Photo du film RIPOSTE FÉMINISTE de Marie PERENNES et Simon DEPARDON © Palmeraie et désert – France 2 cinéma

Loin de s’ancrer dans la commémoration, la 75e édition du Festival de Cannes a voulu accueillir les échos du monde d’aujourd’hui et de demain, un monde où l’engagement des artistes est tangible et le cinéma toujours plus politique. Fidèle à sa vocation fondatrice de lutte contre le fascisme, l’évènement renouvelle aujourd’hui plus que jamais sa volonté de défendre des valeurs de liberté qui lui sont chères. Liberté des peuples, liberté des femmes, liberté de créer, liberté de vivre : autant de déclinaisons qui illustrent ce pour quoi le cinéma est si nécessaire dans nos vies.

Dès la cérémonie d’ouverture, le ton était donné alors que le président ukrainien Volodymyr Zelensky rappelait, gravement : « C’est aussi du cinéma que dépend notre avenir. » En guerre depuis maintenant trois mois, son pays traverse un conflit face auquel le 7e art n’est pas resté muet. En Sélection, deux films ukrainiens : Glorious Revolution, de Masha Novikova, qui traite du conflit interne de 2014, et Mariupolis 2, de Mantas Kvedaravičius, sur l’actuelle offensive russe à l’est de l’Ukraine. En parallèle, à la Quinzaine des réalisateurs, le cinéaste ukrainien Dmytro Sukholytkyy-Sobchuk présentait son long métrage Pamfir.

 

Comme un écho à ces propos, Cannes Classics proposait cette année plusieurs œuvres rappelant des dénonciations passées qui résonnent encore aujourd’hui. A titre d’exemple : Viva la muerte, de Fernando Arrabal, en version restaurée 4K. Le drame de 1971 raconte les pérégrinations d’un jeune garçon, Fando, à la recherche de son père disparu dans l’Espagne franquiste. Le cinéaste voulait dénoncer la censure et les interdits religieux qui cadenassaient son pays d’origine, dans lequel il était interdit de séjour. Six ans plus tard, Madrid renoue avec la démocratie, comme un signe qu’à force d’engagements politiques, culturels et humains, les pires dictatures finissent par être vaincues. Volodymyr Zelensky l’a rappelé devant le Grand Théâtre Lumière : « Ne désespérez pas, la haine finira par disparaître ! Nous devons remporter la victoire et nous avons besoin que le cinéma soit du côté de la liberté. »

 

Le combat contre l’autoritarisme ne se limite pas à l’Ukraine : pour dénoncer le populisme qui gangrène son pays, le réalisateur turc Emin Alper raconte la corruption en Anatolie rurale avec Kurak Günler (Burning Days).
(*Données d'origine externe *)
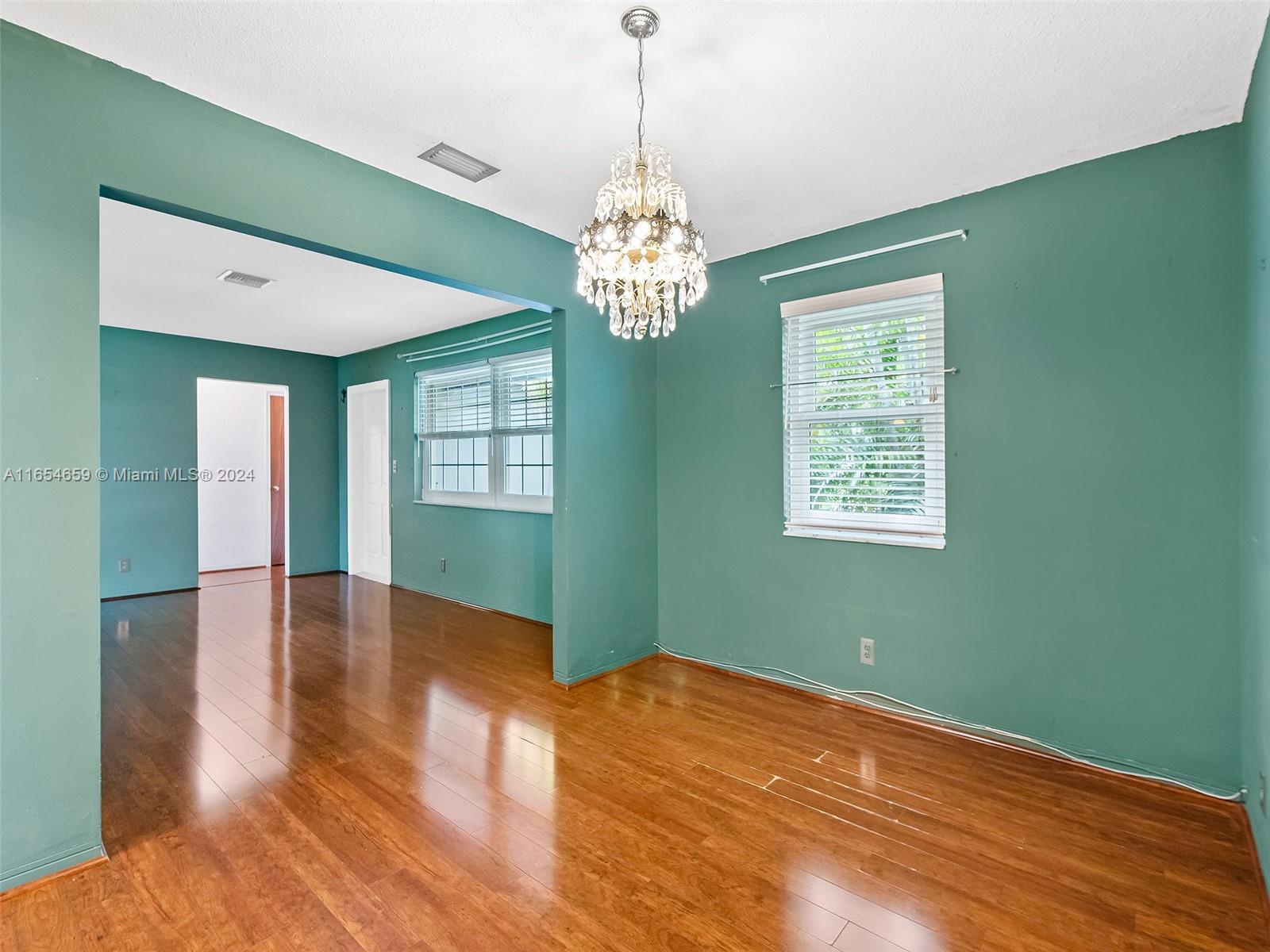 Listing Photo 7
Un combat contre l’intolérance qui passe aussi à travers la caméra de James Gray dans Armageddon Time, mise en lumière des dérives d’un système scolaire américain élitiste au racisme décomplexé et alimenté par la famille Trump dans les années 1980.

Guillermo del Toro l’a rappelé lors de la rencontre sur le cinéma de demain : « Toute œuvre d’art est politique. Tout thème abordé dans les films ne peut éviter d’être politique. »

 

Dès lors qu’il exprime sa vision, l’artiste s’engage. Un engagement plus ou moins militant, qui s’illustre aussi cette année dans le combat féministe. La lutte contre les violences sexistes a aussi parcouru cette 75e édition, dans les films comme sur le tapis rouge. En Compétition, Holy Spider (Les Nuits de Mashhad) d’Ali Abbasi, s’intéresse à la traque d’un tueur de prostituées en Iran tandis que le nouveau film de Park Chan-wook, Heojil Kyolshim (Decision to Leave), met en scène une femme battue. Mais le long métrage le plus engagé en faveur du droit des femmes demeure Riposte féministe, présenté en Séance Spéciale, un documentaire de Simon Depardon et Marie Perennès qui s’intéresse aux collectifs féministes qui cherchent à se réapproprier l’espace public à travers les collages aux quatre coins de la France. La montée des marches de l’équipe du film avait été remarquée par le déploiement d’une banderole contenant les noms des 129 femmes victimes de féminicides en France depuis le dernier Festival de Cannes, en juillet 2021.

 

Le combat continue et depuis 1927, avec le Chanteur de jazz, le cinéma a quelque chose à nous dire, au Festival de Cannes comme dans toutes les salles de cinéma à travers le monde.